- Task directions: Below this line are records; transcribe exactly the lines between the one holding "La Paz: Scuba" and the one holding "4 days Gorilla Trekking Safari Uganda", inclusive, and omit the pictures.

- Records for the exercise:
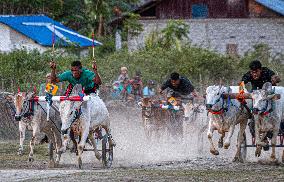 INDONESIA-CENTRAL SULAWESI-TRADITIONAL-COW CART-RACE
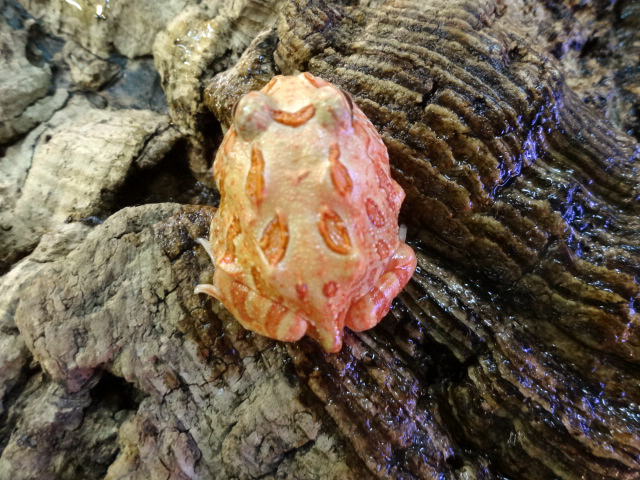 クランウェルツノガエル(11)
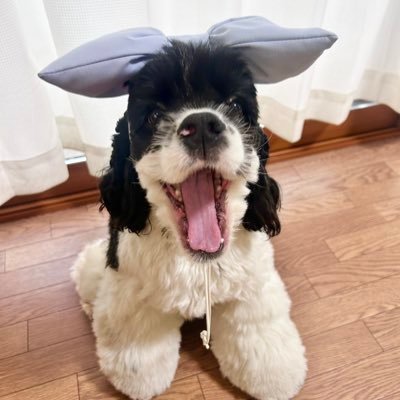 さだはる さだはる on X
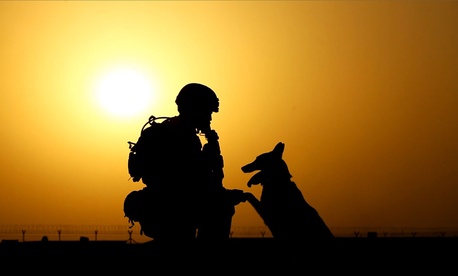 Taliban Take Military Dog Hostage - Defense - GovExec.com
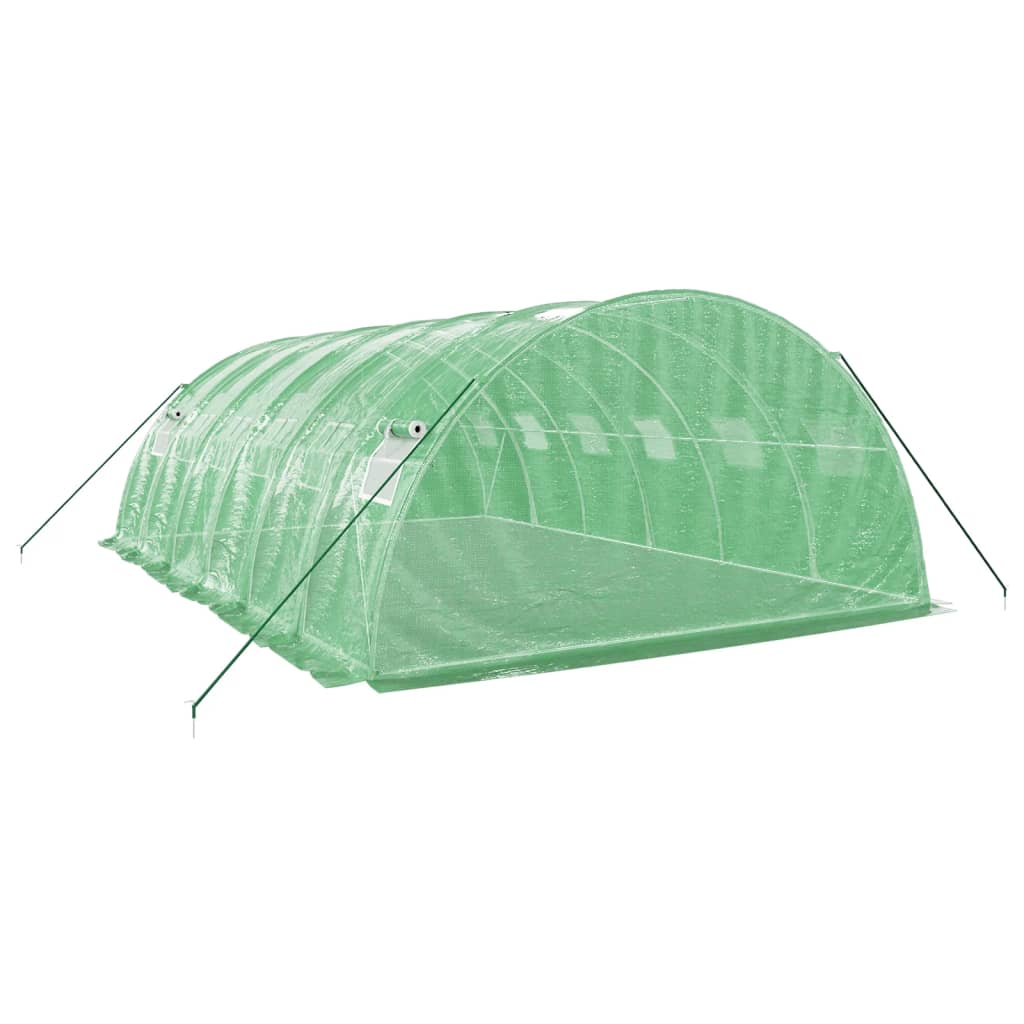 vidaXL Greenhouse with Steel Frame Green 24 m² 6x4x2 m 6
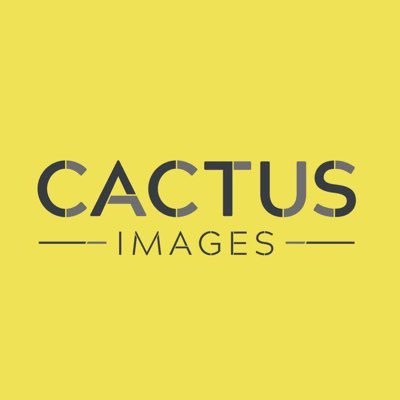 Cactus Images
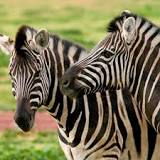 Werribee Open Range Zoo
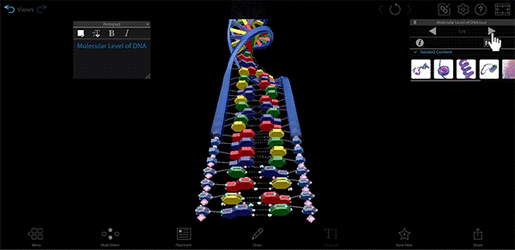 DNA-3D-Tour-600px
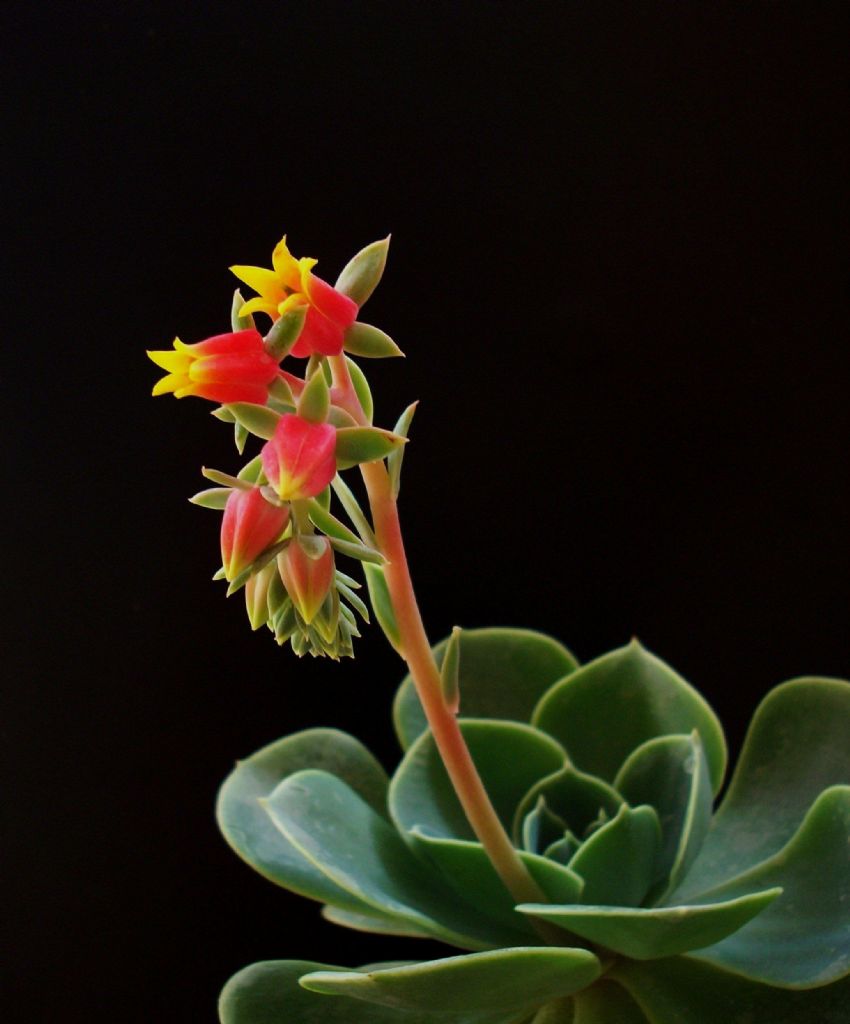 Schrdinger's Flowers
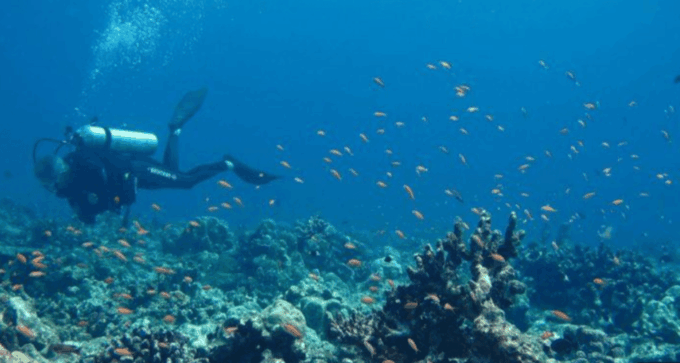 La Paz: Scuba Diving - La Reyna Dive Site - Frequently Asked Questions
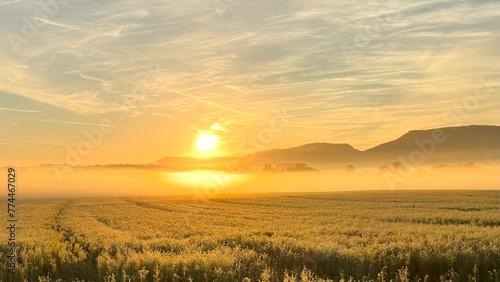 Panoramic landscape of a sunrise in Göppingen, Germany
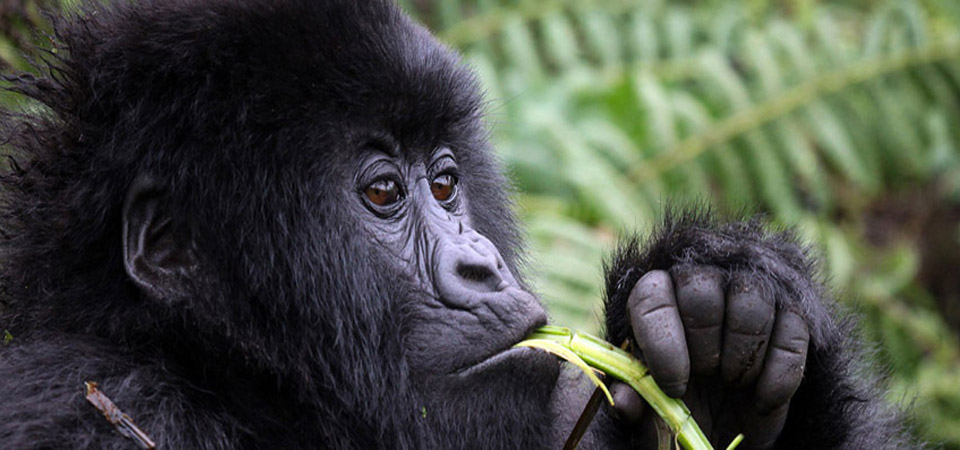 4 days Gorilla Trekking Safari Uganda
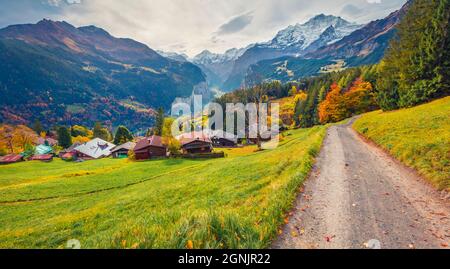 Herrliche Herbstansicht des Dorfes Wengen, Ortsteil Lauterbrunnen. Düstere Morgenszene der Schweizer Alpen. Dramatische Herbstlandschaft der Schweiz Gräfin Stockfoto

- Exercise output:
 La Paz: Scuba Diving - La Reyna Dive Site - Frequently Asked Questions
 Panoramic landscape of a sunrise in Göppingen, Germany
 4 days Gorilla Trekking Safari Uganda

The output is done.